In je eentje erop uit kan ontzettend spannend zijn. Want hoe moet je dat dan doen, als je de weg kwijt bent, je er echt niet uitkomt met die ober die geen Engels spreekt of als je je portemonnee verliest? Toch is het een ervaring die ik iedereen gun. Nee, het is niet áltijd leuk, maar zo’n soloreis kan je zelfvertrouwen vergroten en je bewustzijn een beetje oprekken.
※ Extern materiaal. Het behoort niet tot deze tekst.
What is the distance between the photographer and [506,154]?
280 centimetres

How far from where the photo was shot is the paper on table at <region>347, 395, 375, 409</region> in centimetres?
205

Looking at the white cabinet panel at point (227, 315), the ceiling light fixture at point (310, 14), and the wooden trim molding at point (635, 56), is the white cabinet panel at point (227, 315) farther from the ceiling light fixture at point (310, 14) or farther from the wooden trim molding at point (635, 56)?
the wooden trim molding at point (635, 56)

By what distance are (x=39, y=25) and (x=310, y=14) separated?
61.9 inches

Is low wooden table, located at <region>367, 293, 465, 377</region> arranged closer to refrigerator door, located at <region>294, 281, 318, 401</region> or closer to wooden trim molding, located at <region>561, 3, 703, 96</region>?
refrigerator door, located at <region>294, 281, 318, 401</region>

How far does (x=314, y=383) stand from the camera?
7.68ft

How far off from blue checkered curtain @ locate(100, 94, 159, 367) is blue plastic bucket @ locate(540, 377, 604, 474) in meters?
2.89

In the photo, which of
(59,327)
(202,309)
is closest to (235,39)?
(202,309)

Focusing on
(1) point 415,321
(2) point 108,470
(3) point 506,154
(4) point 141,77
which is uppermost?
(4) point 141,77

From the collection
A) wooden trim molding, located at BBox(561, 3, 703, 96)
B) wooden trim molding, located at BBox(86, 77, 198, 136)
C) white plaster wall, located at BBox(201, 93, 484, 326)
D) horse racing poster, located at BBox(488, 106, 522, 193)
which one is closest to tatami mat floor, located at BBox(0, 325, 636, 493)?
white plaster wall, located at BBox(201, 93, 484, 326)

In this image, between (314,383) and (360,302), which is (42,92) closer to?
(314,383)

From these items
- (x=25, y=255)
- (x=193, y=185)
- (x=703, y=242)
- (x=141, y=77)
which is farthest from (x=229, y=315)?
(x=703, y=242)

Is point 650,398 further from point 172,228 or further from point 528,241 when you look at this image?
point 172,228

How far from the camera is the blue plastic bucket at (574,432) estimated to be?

Mijn relatie ging uit, ik verkocht een huis, hield daar geld aan over en bleef achter met de een droom die ik al jaren koesterde: een reis naar Japan. Het originele idee was om deze reis samen te ondernemen, maar opeens bedacht ik me: waarom ga ik niet alleen?
Verandering
Zo gezegd, zo gedaan. Ik ging voor het eerst naar een land dat buiten Europa lag, in mijn eentje. En dat was op zijn zachtst gezegd best spannend – en niet alleen omdat mijn hart nog aan het helen was van een stukgevallen toekomst. Ik kwam erachter dat in je eentje simpele, alledaagse keuzes maken moeilijker is dan ik van tevoren had gedacht. Er is niemand die tegen je zegt: hup, eruit, als je om elf uur nog moe en lusteloos van de jetlag in bed ligt. Niemand die je helpt om te kiezen tussen tien tempels die allemaal even bijzonder lijken, of die je helpt met kiezen als je weifelend en verloren in het gangpad van een vreemde supermarkt staat. Maar de moeilijke momenten waren snel vergeten – helemaal omdat het me lukte ze allemaal in mijn eentje te overwinnen (nouja, met uitzondering van een paar geruststellende telefoontjes uit Nederland, dan).
Sinds ik terug ben, is er iets in mij veranderd. Iets dat ik op reis heb opgedaan. En die verandering – die gun ik iedereen. Twijfel je nog steeds of je het wel aandurft? Laat je door deze punten overhalen, en boek dat ticket:
Je ervaart alles intenser
Als je niemand hebt om je te helpen als je op een treinstation staat waar geen enkel bordje dat je naar de uitgang wijst te vinden is in een taal die je kunt begrijpen, dan zal je toch echt zelf je weg moeten vinden. De intensiteit van de ervaring zorgt ervoor dat de vreemde geluiden, de muziekjes van de metro, de andere mensen en andere gebouwen komen veel heftiger bij je binnen. En ja, dat voelt in het begin een beetje alsof je net als Alice een donker konijnenhol binnen bent gevallen – maar ook met deze nieuwe wereld waar niets is zoals jij het gewend bent, kun je erachter komen dat jij nog steeds dezelfde bent.
Je maakt veel sneller contact met anderen
Als je met zijn tweeën reist, ben je vaak in gesprek met elkaar. Voor een vreemde is het daarom moeilijker om een gesprek aan te knopen. Als je alleen bent, ben je veel makkelijker te benaderen en zo raak je sneller in gesprekken verzeild, en zit je voor je het weet ’s middags bij een gepensioneerde Japanse vrouw de door haar zelfgemaakte groene thee te drinken terwijl je het hebt over haar kleinkinderen.
Je kunt alles zelf beslissen
Jij bepaalt alles. Hoe goed je het ook met je lief of met vrienden en familie kunt vinden, als je samen reist moet je altijd samen beslissen hoe laat je wakker wordt, wat je gaat eten, waar je naartoe gaat, of je naar een museum wil of naar het strand, of je gaat winkelen, in een park een boek gaat lezen of in een bar een drankje gaat drinken. Als je alleen bent is er niemand die jouw dag bepaalt behalve jijzelf – en dat kan enorm bevrijdend zijn.
Je oog valt veel sneller op kleine details
Als je alleen reist, heb je niemand om mee te kletsen als je door een drukke stad loopt. Niemand die naast je zit als je in de trein of in de bus zit, of als je de weg terug naar je hotelkamer zoekt. Dat betekent dat je je oog ook op iets anders kunt laten vallen. Die vrouw die in de zon op een bankje de krant leest, en die naar je glimlacht als je langsloopt. De twee schoolmeisjes die je giechelend volgen als je door het park loopt, of de man die met militaire precisie een half uur bezig is met het snoeien van een heel klein struikje in het park.